National Weather Service tracked 2000 tornado for miles
The National Weather Service meteorologists weren't sure that any severe weather would develop on the night of May 11, 2000.
"We knew that if there was any kind of a storm, it would be substantial," Bill Bunting of the National Weather Service said the day after the storm. "Once it developed, we knew it was show time."
The storm that eventually slammed a tornado into Tonganoxie began its dance near Topeka.
Bunting said a tornado warning sounded at 9:31 p.m. for southern Leavenworth County and a tornado was reported on the west side of Tonganoxie at 9:55 p.m.
"The national average is 10 minutes of notice. That, and the fact that people knew what to do, probably played a big part in nobody getting hurt," Bunting said.
Here is the timeline of the May 11, 2000, storm as it developed:
7 p.m.: Severe weather watches were posted for east central Kansas.
8:53: Tornado spotted by trained weather spotter in Grantville.
9:03: Tornado reported near Newman in Jefferson County along U.S. Highway 24.
9:17: Tornado reported near Perry, along U.S. Highway 24. Power lines were down.
9:22: 1 1/4 inch hail reported four miles northeast of Topeka.
9:27: National Weather Service issued a severe weather statement for Leavenworth County. This statement said severe weather was possible.
9:27: Tornado reported a half mile northeast of Williamstown in Jefferson County. Windows were blown out.
9:31: Tornado warning sounded in southern Leavenworth County.
9:38: One mile south of Perry, 2 3/4 inch hail reported.
9:55: Tornado reported on west side of Tonganoxie.
Bunting said it wasn't unusual for it to appear that more than one tornado had hit. "Straight line winds can cause substantial damage," he said. "We've seen 70 to 90 mile per hour straight line winds before."
While predicting storms as they happen has improved with technology, Bunting said tornado season is too unpredictable.
"We can't say this will be a bad year or worse year. When forecasting, we look at will there be a lot of storms and where will they hit. We just don't know either answer with any reliability," Bunting said.

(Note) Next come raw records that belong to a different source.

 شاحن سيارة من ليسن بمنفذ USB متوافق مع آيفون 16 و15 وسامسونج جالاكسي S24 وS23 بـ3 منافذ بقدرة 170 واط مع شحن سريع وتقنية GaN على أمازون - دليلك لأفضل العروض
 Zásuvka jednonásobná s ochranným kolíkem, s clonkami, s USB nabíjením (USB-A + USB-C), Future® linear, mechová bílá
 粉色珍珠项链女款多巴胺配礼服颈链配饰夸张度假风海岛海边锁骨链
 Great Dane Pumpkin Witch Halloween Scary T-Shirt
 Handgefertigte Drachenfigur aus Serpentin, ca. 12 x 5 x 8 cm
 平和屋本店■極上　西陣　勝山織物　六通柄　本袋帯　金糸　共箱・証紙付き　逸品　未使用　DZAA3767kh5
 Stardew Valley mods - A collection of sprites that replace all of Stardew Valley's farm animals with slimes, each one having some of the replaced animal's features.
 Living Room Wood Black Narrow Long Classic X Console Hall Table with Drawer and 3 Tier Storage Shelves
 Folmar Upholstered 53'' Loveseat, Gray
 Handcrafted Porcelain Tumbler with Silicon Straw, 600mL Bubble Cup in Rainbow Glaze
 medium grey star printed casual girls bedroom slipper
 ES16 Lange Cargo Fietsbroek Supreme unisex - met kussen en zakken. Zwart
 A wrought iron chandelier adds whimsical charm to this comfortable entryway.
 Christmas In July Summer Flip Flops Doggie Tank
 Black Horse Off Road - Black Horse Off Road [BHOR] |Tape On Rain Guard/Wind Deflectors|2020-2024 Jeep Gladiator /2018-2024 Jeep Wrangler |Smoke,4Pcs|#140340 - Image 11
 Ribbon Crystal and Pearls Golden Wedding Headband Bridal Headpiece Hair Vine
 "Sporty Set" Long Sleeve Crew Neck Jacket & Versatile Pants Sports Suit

There are six levels of tornado assessment on the Fujita scale. F0 storms have winds less than 74 mph. F1 winds are 75-110, F2 111-150, F3 150-204, F4 204-260, F5 261-318 mph. Where the tornado hits is usually one of the defining factors in tornado damage.
"An F5 event in an open field isn't a memorable event. A tornado half that intensity in a town can cause considerable damage," Bunting said.
Tonganoxie's storm was rated as an F1.